## Instructions to follow
When you output the records, match them exactly and omit any picture they include.

++++++

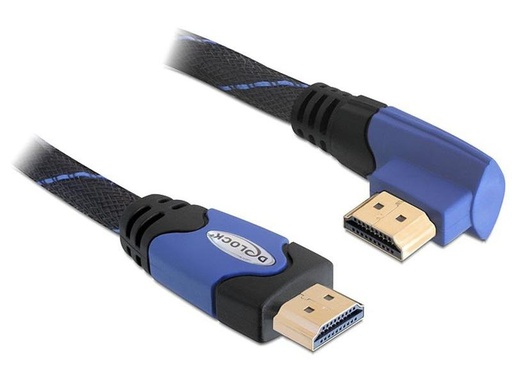 [90268985 1486077] Delock Kabel gewinkelt links HDMI - HDMI, 2 m, Blau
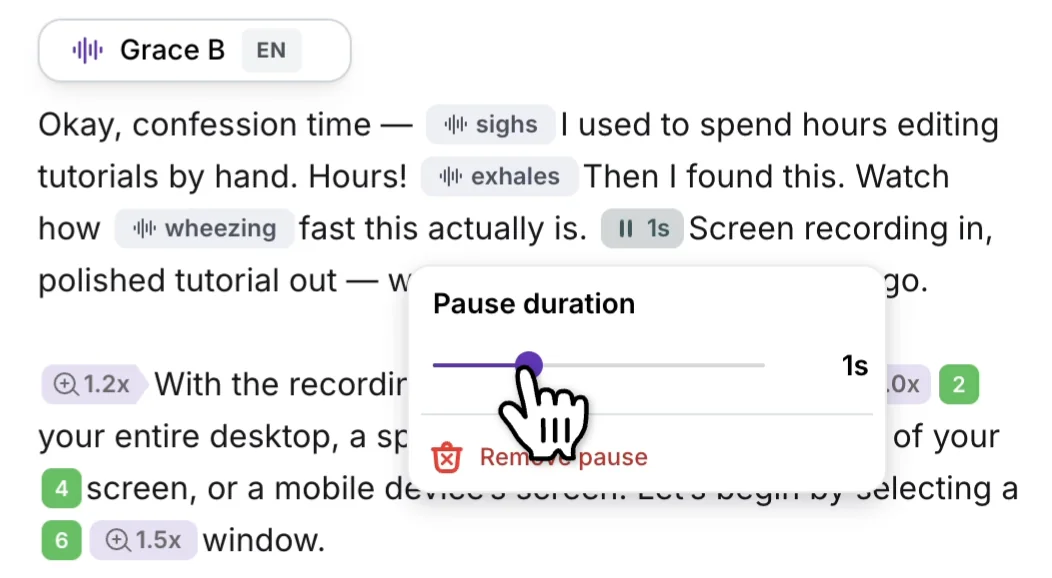 Narration with sighs, exhales, wheezing, and a 1s pause tag inline, with the pause-duration slider open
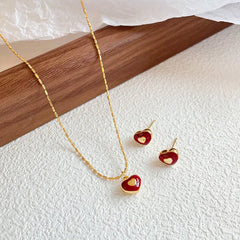 Ladies Red Heart 18k Gold-plated Chain Solid Pendant Necklace Elegant Fashion Simple Factory Price in Stock Jewelry for Women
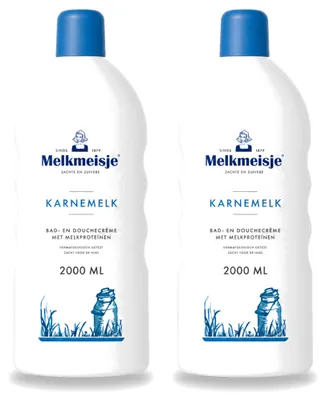 Image de 2 x Mousse de bain et de douche "Melkmeisje Karnemelk" - 2000 ml - Pack avantageux - 2 pièces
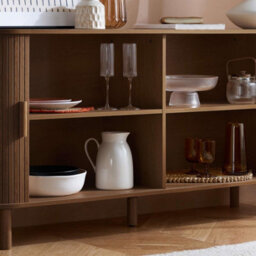 Birlea Walnut Axel 2 Door Fluted Sideboard - thumbnail 9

++++++

## Written answer
 [90268985 1486077] Delock Kabel gewinkelt links HDMI - HDMI, 2 m, Blau
 Narration with sighs, exhales, wheezing, and a 1s pause tag inline, with the pause-duration slider open
 Ladies Red Heart 18k Gold-plated Chain Solid Pendant Necklace Elegant Fashion Simple Factory Price in Stock Jewelry for Women
 Image de 2 x Mousse de bain et de douche "Melkmeisje Karnemelk" - 2000 ml - Pack avantageux - 2 pièces
 Birlea Walnut Axel 2 Door Fluted Sideboard - thumbnail 9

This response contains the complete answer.